> When you publish a Notion page to the web, the webpage’s metadata may include the names, profile photos, and email addresses associated with any Notion users that have contributed to the page.
I'm guessing it's not trivial to fix without breaking other things? The weakness seems to be that anyone can turn UUIDs into details like email. But I assume this functionality is necessary for other flows so they can't just turn off all UUID->email/profile look ups. And similarly hiding author UUIDs on posts also isn't trivial.
Conceptually, I agree it should be easy, but I suspect they're stuck with legacy code and behaviors that rely on the current system. Not breaking anything else while fixing this is likely the time consuming part.
But a user's email isn't always forbidden. The API endpoint which turns UUIDs into a user email presumably also has use cases where you do want to expose the user email. For example, when seeing a list of people you've already invited via email to collaborate with, or listing users within your organization, etc. So a user's email isn't always forbidden PII, it depends on the context.
The trouble is the UUID->email endpoint has no idea what the context is and that endpoint alone can't decide if it should expose email or not. And then public Notion docs publicly expose author UUIDs.
Their mistake was architecting things this way. From day 1 they should have cleanly separated public identifiers from privileged ones. Or have more bespoke endpoints for looking up a UUID's email for each of the narrow contexts in which this is allowed. They didn't do this, and they certainly should have, but fixing this mess is likely a non-trivial amount of work. Though I bet it could be done immediately if they really cared and didn't mind other things breaking.
I'm absolutely not defending their choice to expose emails in this way. They should have addressed this years ago when it was first reported, and I want them shamed for failing to care. But just trying to say it's likely not a one line fix.

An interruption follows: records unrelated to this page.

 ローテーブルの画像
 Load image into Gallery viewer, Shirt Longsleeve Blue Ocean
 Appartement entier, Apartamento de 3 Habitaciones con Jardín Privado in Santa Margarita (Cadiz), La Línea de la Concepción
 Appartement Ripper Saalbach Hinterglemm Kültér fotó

You literally don’t know that. Add this to the mammoth file titled “HN comments in which the author makes some completely unsubstantiated technical claim”
It literally is easy to fix. For example they could shut down the servers. Which is what they should do immediately if there is no faster fix for a privacy leak like that.

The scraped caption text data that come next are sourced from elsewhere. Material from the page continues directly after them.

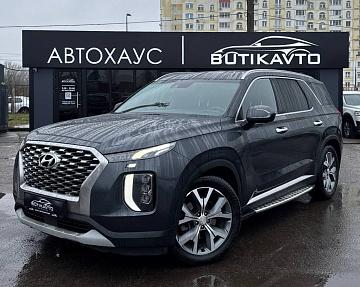 Hyundai Palisade I - фото 3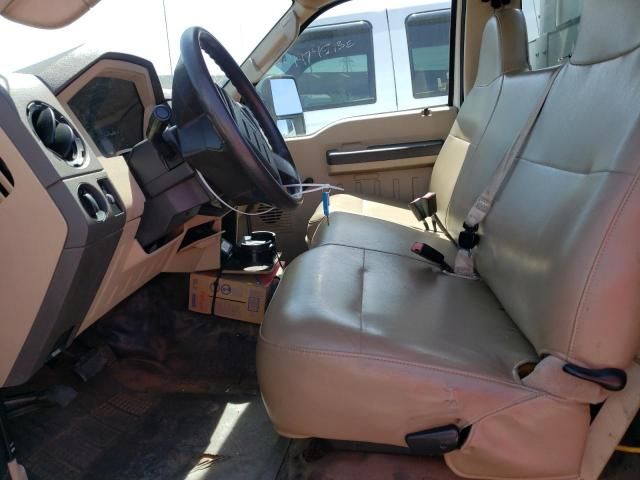 2008 Ford F350 SRW Super Duty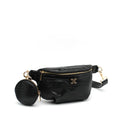 Sac banane noir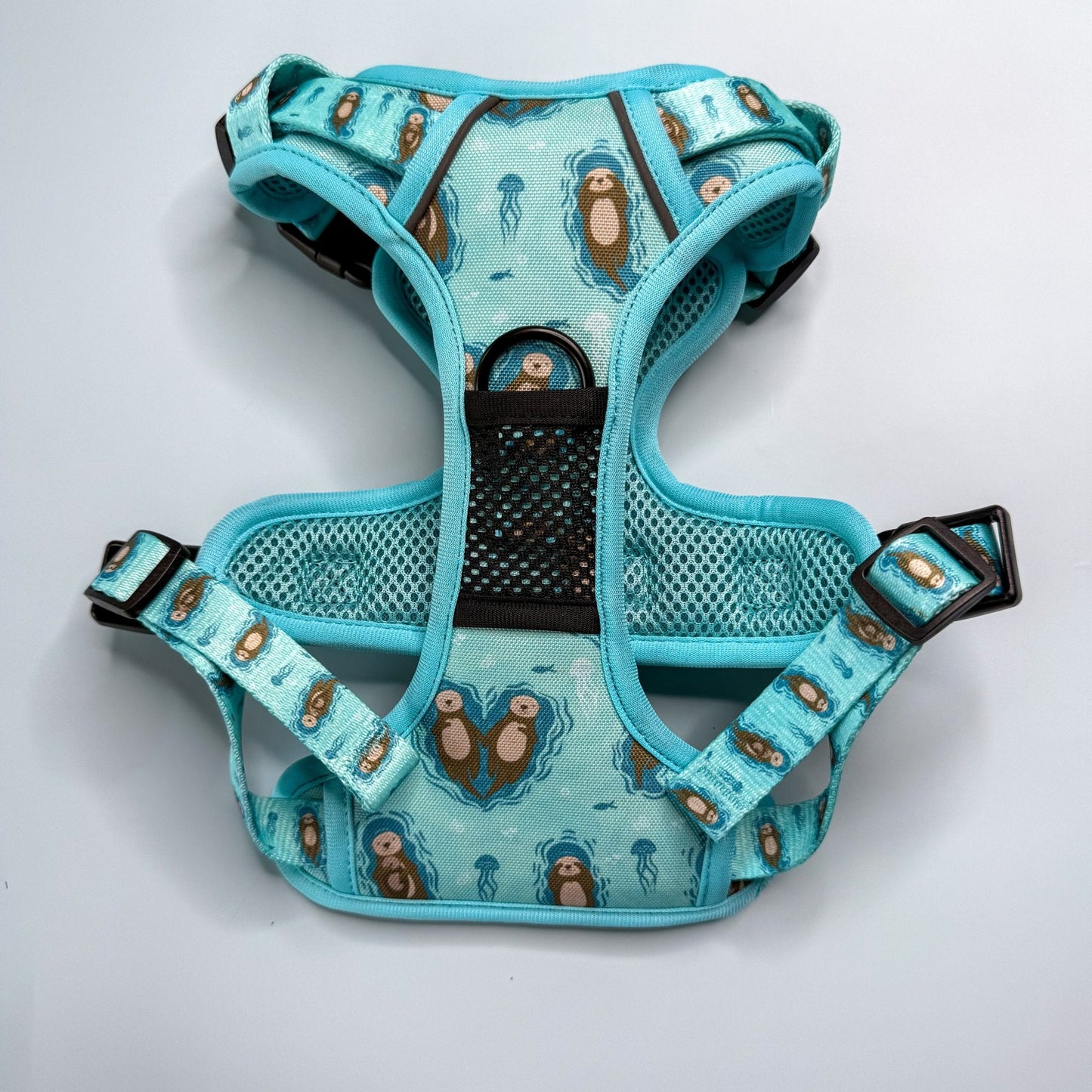 Otterly Lovely Tactical Dog Harness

Theres just a higher form of malicious stupidity, where the people who own these platforms can be selectively, maliciously stupid where it comes to security.
Recently I checked back on Notion after a year or so of not seeing it. I was going to recommend it to someone as an example of hypertext, but I see now it calls itself an "AI workplace that works for you" and "Your AI everything app". This company means nothing now, seriously what happened.
I haven't used Notion the last couple of years either, but there was a multi-year period where someone at each of the companies I was at would champion it, convince someone high enough to transition the team to it, and it would slow the team down so much. There was a joke at one point amongst coworkers that it might not be bad subterfuge to get someone hired at a rival in order to introduce Notion there.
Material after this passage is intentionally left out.